Oldschool demo effects, once popular in the DemoScene, now in C#

Look ma no frameworks!

A project of dubious value to recreate some classic demo effects in C#, mainly ones you don't see very often or that are hard/impossible to find in C#. Done entirely in GDI+, no frameworks or OpenGL, just oldschool pixel pushing.

Salient points:

  • this is a mess.
  • no, really.
  • we use reflection to pull out all demo classes that inherit from iDemo. Thus the interface's only purpose is to allow me to identify which classes are effects and which aren't. Once we have the classes, we create an instance of them and invoke the necessary methods. So that part is at least kind of extensible.
  • the problem is that all drawing is done from the DrawScreen class, so each effect class needs delegates to that class. Not so extensible
  • we roll our own texture methods. Stick a texture in the resources file, then read the pixel values into a [,] array, stick them wherever you want and live with the bounds checks.
  • we avoid frameworks (except GDI+) because the old method of demo coding was to do your own drawing [mov cx,[blah]; rep stosb; lol].
  • that being said, we use a standard cast-a-picturebox-to-a-bmp but then we use the FastBitmap class which uses pointers to manipulate the pixels.
  • None of these effects are originally mine though all have my work in them. Most are collected from the internet over many years and translated from whatever language (usually C or some flavor of pascal with embedded asm, much from HornetArchive) into C#. I'll take credit for the translation, optimization and getting them to work, but otherwise full credit for the original algorithms goes to the original authors (whoever those were). I've listed my sources when I could remember them.
  • Caveat: in the old demoscene, figuring out who or what group actually came up with an effect first was not easy to determine. In most cases the PC demoscene reused older effects that had originated in the Amiga scene. Still, don't be a l4m3r. Give credit where it's due if you didn't come up with everthing yourself. Quoting from the Hornet Archive reveals how common this practice was --> Space Port 2 BBS intro source by PSI : Sources to a BBS intro with ADlib music, scrollie, and star field all in 1993 bytes - The Adlib player in this BBS intro has been ripped and used time and time again by many people. Simple and easy to use. Kudos to those who have credited the source of where they got their player.
  • I don't do copper bars. There is no way to do those in managed code, and not really a way to do them in assembly.
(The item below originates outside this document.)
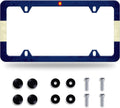 Colorado State Flag License Plate Frame License Plate Stainless Steel Parts Funny License Plate Decorative with Screws Size 12.3" x 6.3" for Men Women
Those were peculiar to the Amiga copper chip and drawing the bars is not how these were done. Even in assembly the closest I can get is to wait for [in al,dx; and al,08h;] and change the palette. It produces some cool effects but not really the same thing.
  • FASM is fun if you have a jones for this kind of thing in assembler.
  • Greets: http://dbfinteractive.com/ which is one of the best sites for demo code.

Effects include:

  • bobs
  • rotozoomer
  • plasma clouds
  • tri-layer plasma
  • xor
  • waving landscape
  • dot tunnel
  • fractal
  • vector balls
  • shadebobs
  • floorcasting
  • porky ball
  • voxels
  • water

Effect Image
Voxels. Not common. The examples I could find were from the mid-90's and very mysterious. This is adapted from a 1998 QB example by Toshihiro Horie.
Dot landscape like Fake Demo from 93. Also not a very common effect.
Vector balls. Adapted from Tumblin/Bodies In Motion, 1994.
Bobs.
Plasma clouds. I cheat by drawing the map once and then color cycling.
Shadebobs. Uses angle arrays but not a heat structure so theres no cooling. To get around that we switch patterns. Loosely adapted from Flightcrank's example.
Rotozoomer. Adapted from TDEC by W.P. van Paassen.
Tri-layer plasma. Create a palette with a lot of black, then don't draw the black pixels.
XOR effects are simple and look very demo-y.
Fractals. No matter how much you optimize the routine, you eventually run into the escape time algorithm which won't budge. I even looked at this one in ILDASM but couldn't see much that would help.
Dot tunnel, adapted from an example by StoneMonkey in Freebasic. I'm going for the kind of look Xography had in their Crystal 2 BBS ad, for which no source exists. They've got some movement logic that eludes me.
Simple floorcasting. A very Amiga-y effect. Seen in Megademo by Dexion, 89. I should note that this one is actually my own work. The formula double fvs = (horiz / (y - midHeight)) / scale; was actually supposed to be part of a checkerboard but I screwed something up.
Porky ball. I'm not sure what these were called.
Water effect. Very common, even in C#, but still a great effect. This is adapted from an example by Cristian Tratz.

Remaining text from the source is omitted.